Was ist das Evangelium? - Outing eines herkömmlichen Christen, der die Antworten in der Bibel findet

Aktualisiert: 5. Sept. 2022


Wer euch aber ein anderes Evangelium verkündigt, als wir euch verkündigt haben, der sei verflucht, auch wenn wir selbst es wären oder ein Engel vom Himmel.

(Gal 1,8)


Das Evangelium ist komplex. (Timothy Keller)



Die Situation heute: keine Klarheit mehr was das Evangelium betrifft!

Das Evangelium ist unumstritten die zentrale Kernbotschaft des christlichen Glaubens. Nur, was beinhaltet diese Botschaft und sind wir uns darüber klar und einig? Für manche hat das Evangelium vor allem mit Sündenvergebung und dem ewigen Leben zu tun. Jesus vergibt mir meine Schuld, so dass ich eine Beziehung mit ihm haben und später einmal in den Himmel gehen darf. Für andere greift dies entschieden zu kurz. So schreibt Andreas Boppart, Missionsleiter von Campus für Christus im AMEN-Magazin:

Ich glaube, dass wir in den letzten Jahrzehnten wesentliche Teile des Evangeliums von Jesus Christus verloren oder vergessen haben. Es geht darum, neu zu entdecken, wie viel reicher und vielfältiger seine Erlösung ist.

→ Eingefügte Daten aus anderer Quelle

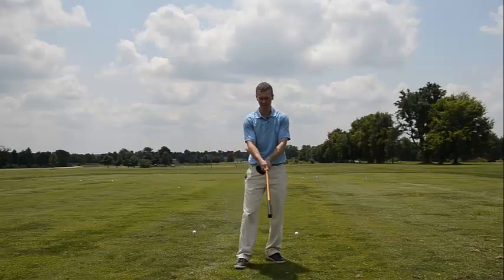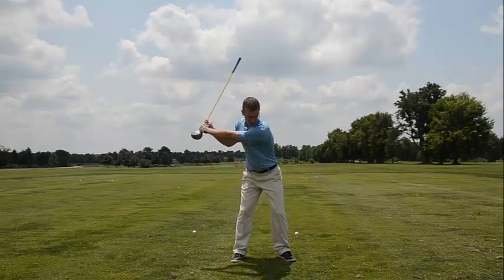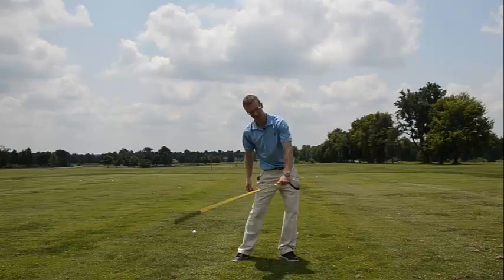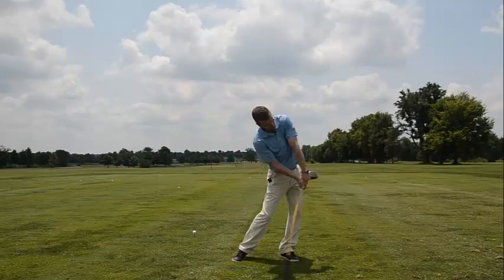For club head speed, flip that club around and we'll do the whip-it drill. Do the same thing and whip it through impact. Let that sequence happen — you should hear it whip through right at impact. It shouldn't be back here with the arm; you should feel that sequence.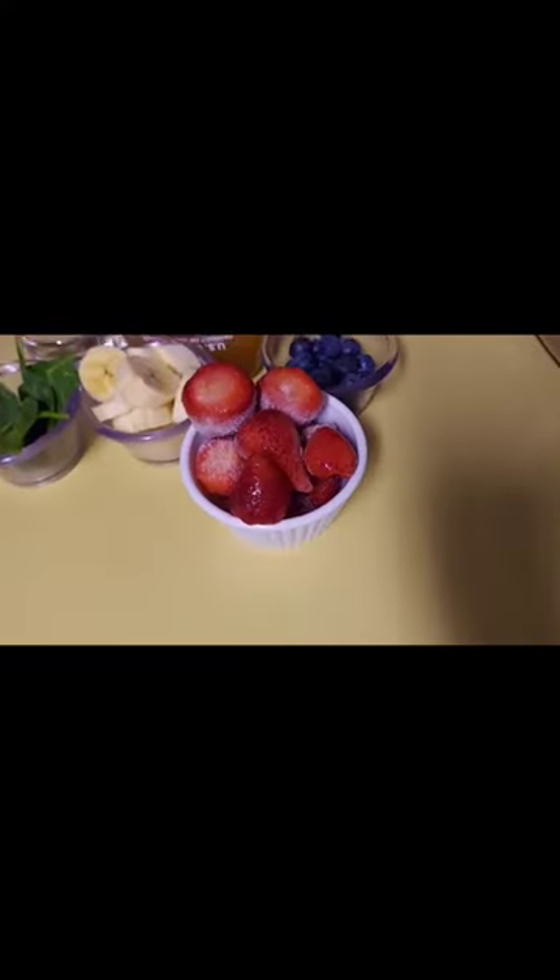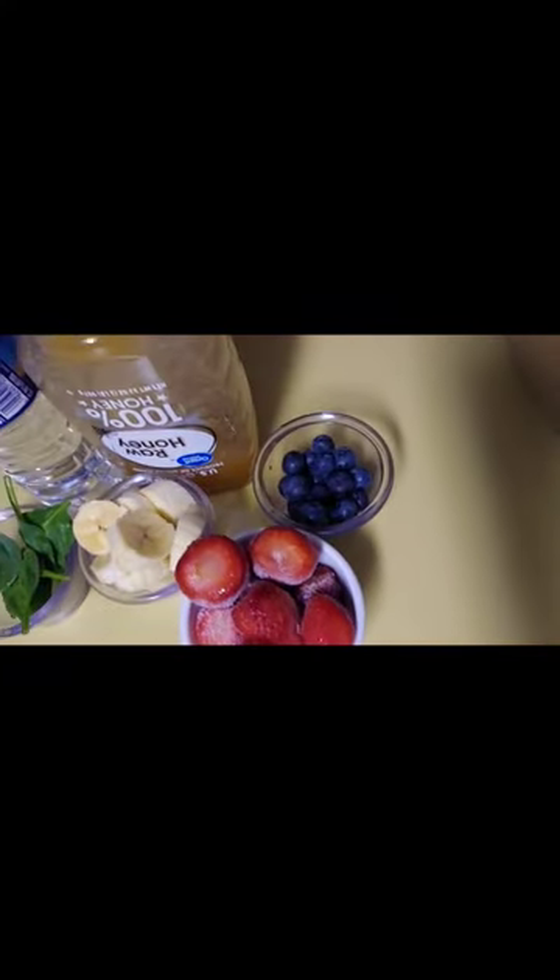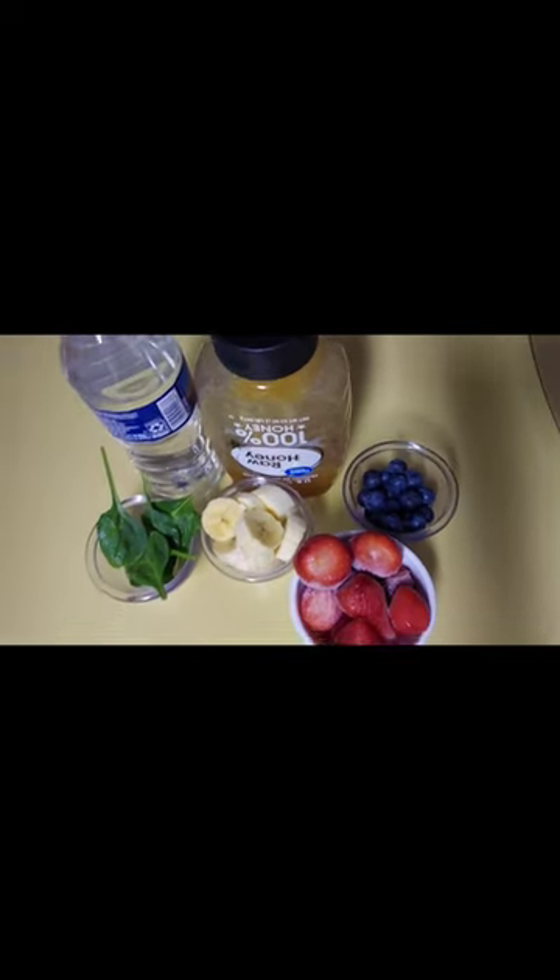Are you feeling for something light? Let's make a smoothie. So I got some strawberries, banana, blueberries, pie, spinach leaves, some honey, and some water.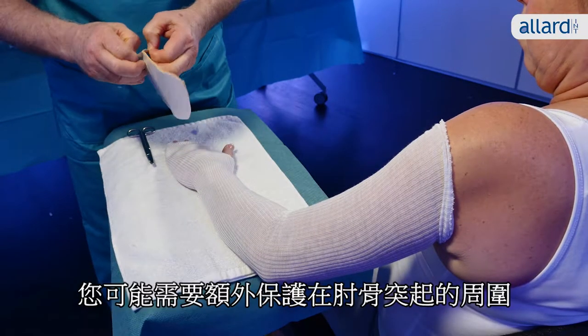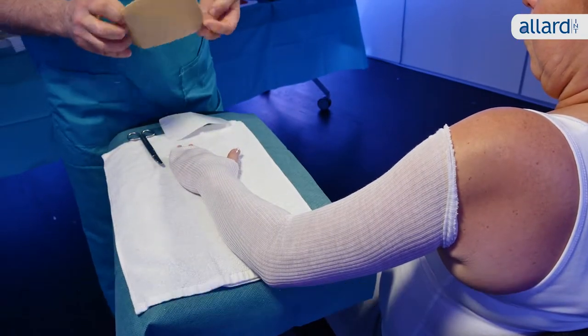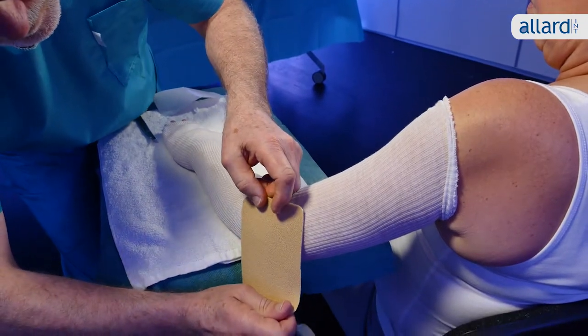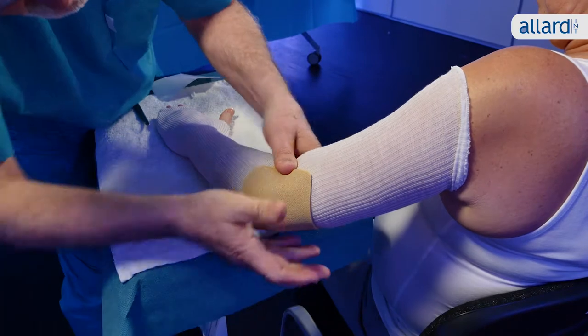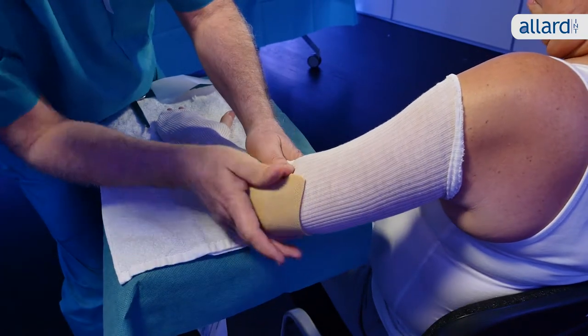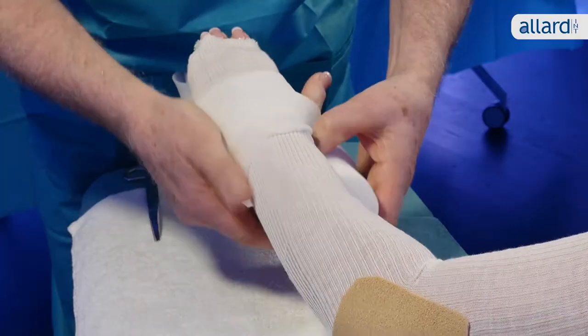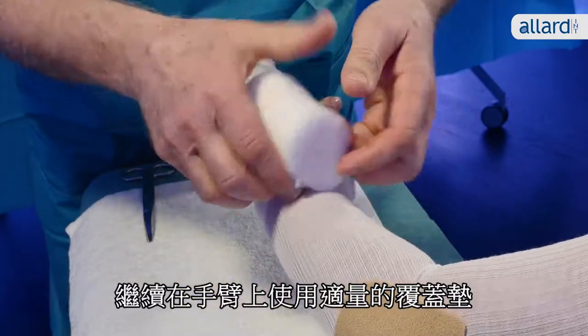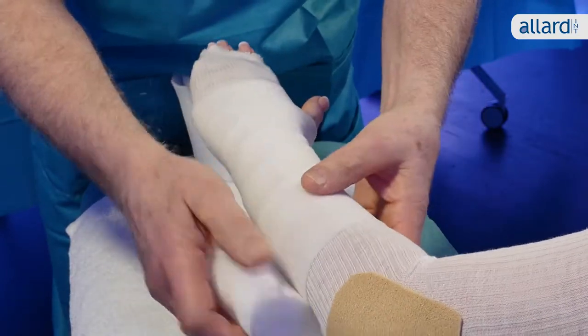You may need to apply extra protection around the bony prominences of the elbow. Continue to cover the arm with the right amount of undercover padding.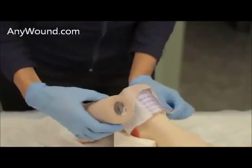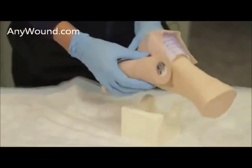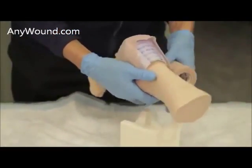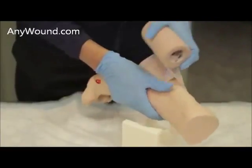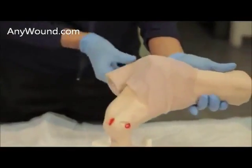we will further secure this because this patient will be a walking patient. The Coban allows them to ensure full contact with the wound. This is Coban.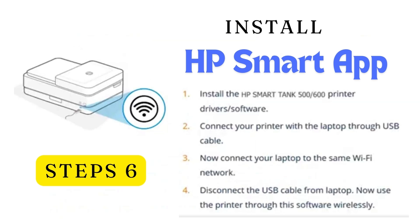Step 6: Install the app. Install the HP Smart Tank printer drivers or software. Connect your printer to the computer or laptop through USB cable. Now connect the printer and computer or laptop to the same Wi-Fi network. Disconnect the USB cable from the computer or laptop. Now use the printer through this software wirelessly.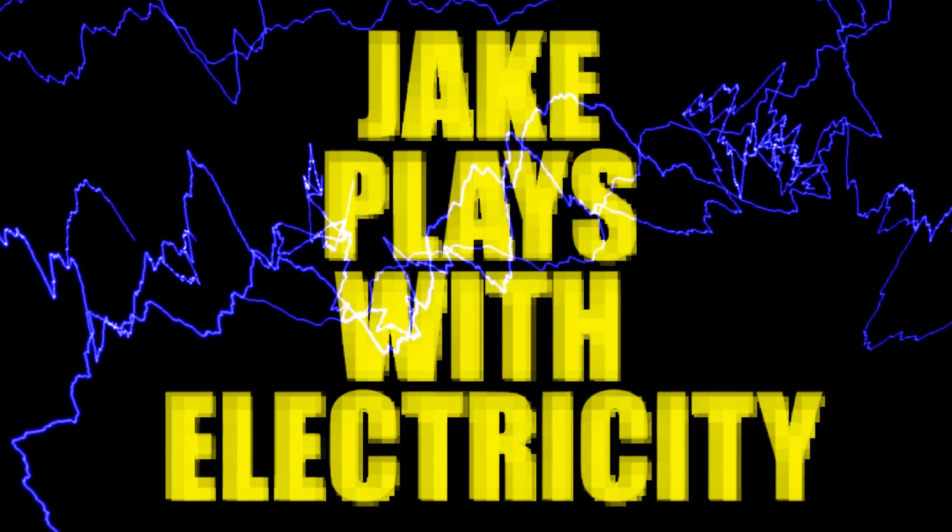Hey, I'm Jake and welcome to a new show called Jake Plays With Electricity! This will probably be the only episode of Jake Plays With Electricity — not because I'm going to be electrocuted, even though that would make for good content. Today, what we're doing, everything is pretty much safe, I think.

Das Evangelium adressiert nicht nur und vielleicht auch gar nicht primär unsere Existenz nach dem Tod, sondern transformiert unser Leben im Hier und Jetzt. Jesus ist gekommen uns das Leben in Fülle zu bringen, nicht um uns ein Ticket in den Himmel auszustellen und uns im Wartesaal sitzen zu lassen bis es soweit ist (vgl. Joh 10,10). Und nicht nur das:

Tatsächlich hat Christus mit seinem Leben und Sterben eine umfassende Erlösung für nach Leben und Sinn Dürstende gebracht, die nicht nur über eine rein persönliche Dimension hinausgeht, sondern auch soziale und globale Veränderungen bewirken will wie Gerechtigkeit und Gleichstellung von Unterdrückten, Missachteten, Armen und Unfreien. Die Erlösung von Jesus adressiert das ganze Spektrum menschlicher Sehnsüchte. Die Vergebung unserer Schuld gehört unbedingt dazu, sie ist aber nur ein Bestandteil seiner gewaltigen Erlösungstat am Kreuz.

'Umfassend, ganzheitlich, global' sind die Stichworte, die man in der ganzen Diskussion rund ums Evangelium immer wieder vernimmt.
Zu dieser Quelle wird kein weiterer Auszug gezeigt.